The Subzi-Haat or simply the Haat is a place that simply radiates life. There  is life in the cartloads of fresh vegetables which are soon going to infuse fresh energy into the systems of thousands of human beings. There is life in the hundreds of vegetable sellers who shriek at the top of their voices trying to attract customers to their vegetables. There is life in the enthusiasm with which neighbourhood aunties bargain for five rupees with the subzi wallah. There is excitement in the way that prices drop suddenly across the market because of the failings of a particular vegetable seller who himself is driven to desperation because of the  fear of having to carry his goods back home; the life at the haat, incredibly increases as the time of market closure approaches with unbelievable deals being offered.  There is life in my effort to locate that particular vegetable or fruit seller who sold me those capital radishes at that throwaway price last time and in my failure to do so among the sheer numbers.
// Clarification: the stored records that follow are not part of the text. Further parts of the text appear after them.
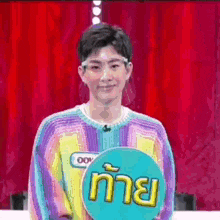 a young man wearing a rainbow sweater is holding a sign with a name tag on it .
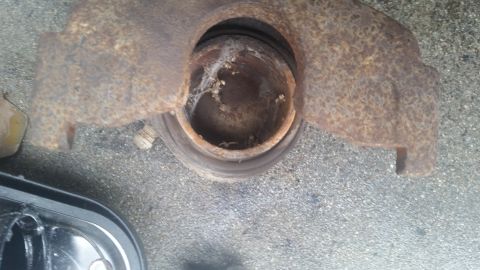 1985 Ford Bronco - This heavily rusted brake caliper and rotor assembly is shown from a top-down perspective on a paved surface.
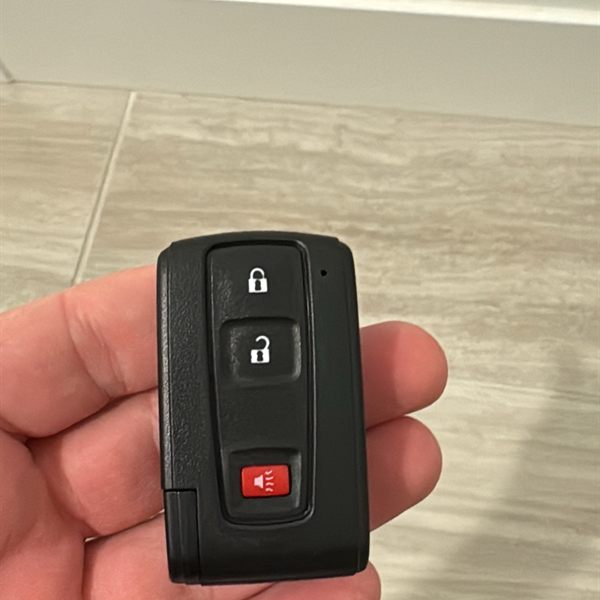 Smart key fob with lock, unlock, and panic buttons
The one-handed fumble for change(the other one is grasping a helmet or a bag), the painful long jostle through the crowds back to the car/bike with arms bursting from the weight of those two bulging shopping bags, the frustration of seeing peas at 12 rupees after buying at 15 rupees, the insincere consolation to your mind that yours must be the better peas, the impulse buying of the 12 rupee peas as well, the realization that your refrigerator and stomachs simply do not have the space to accommodate those bulging shopping bags: the subzi haat is an experience of life that not everyone steeped in the metro life might quite have either the chance or the inclination to savour.

P.S: The economic angle: The haat is the perfect example of perfect competition that economics tries to peddle. Demand meets supply and high prices directly hit sales. The prices are also such that everyone is able to participate thus leading to a much more realistic price discovery.